Exercise 1

  • Print the 6 first lines of the R-built-in data.frame trees

  • Print only the column names

  • What is the dimension of trees?

  • Plot the trees height and volume as a function of their girth in two different graphs. Make sure the axis labels are clear

  • In each graph, add a red dashed line corresponding to the relevant correlation that you observe (average value, linear correlation…)

  • Explain your choice and write the corresponding values (average value and standard deviation, or slope, intercept and corresponding errors). Round the values to 2 decimals.


Exercise 2

  • Print the 3 first lines of the R-built-in data.frame USArrests. This data set contains statistics about violent crime rates by US state. The numbers are given per 100 000 inhabitants, except for UrbanPop which is a percentage.

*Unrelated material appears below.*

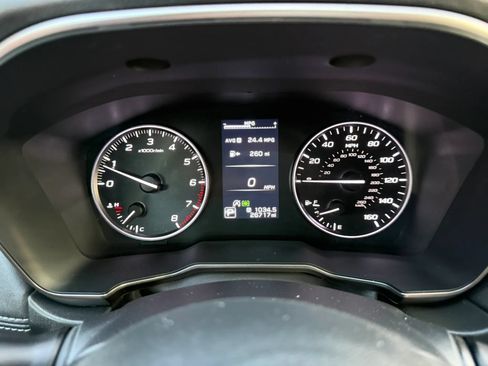 Used 2025 Subaru Outback Limited AWD/4WD image 19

  • What is the average murder rate in the whole country?

  • What is the state with the highest assault rate?

  • Create a subset of USArrests gathering the data for states with an urban population above (including) 80%.

  • How many states does that correspond to?

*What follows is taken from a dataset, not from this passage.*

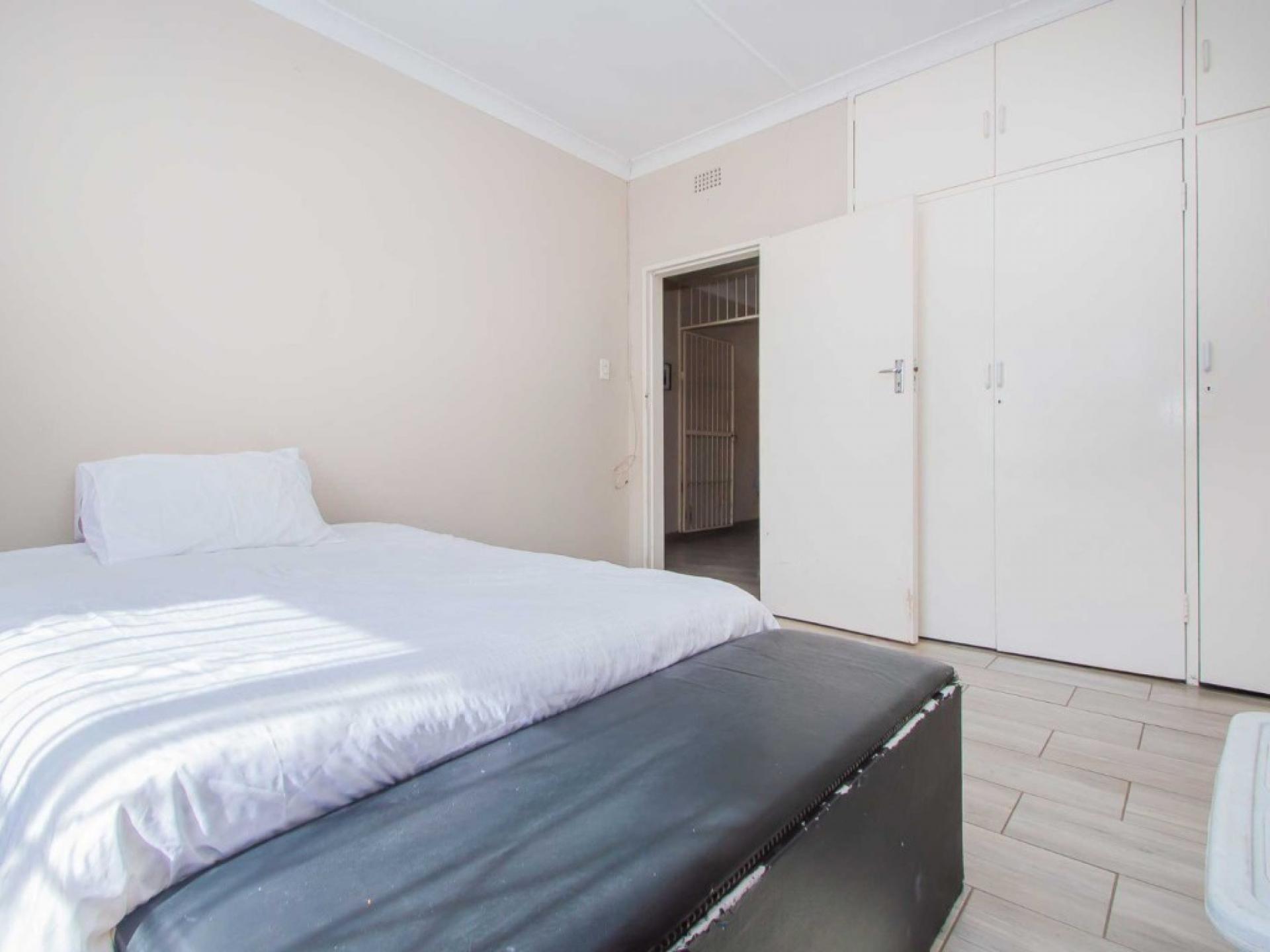  of property in Florida Lake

  • Within these states, what is the state with the smallest rape rate?

  • Print this subset ordered by decreasing urban population.

  • Print this subset ordered by decreasing urban population and increasing murder rate.

  • Plot an histogram of the percentage of urban population with a binning of 5%. Add a vertical red line marking the average value. Make sure the x axis shows the [0,100] range.

  • Is there a correlation between the percentage of urban population and the various violent crime rates? argument your answer with plots.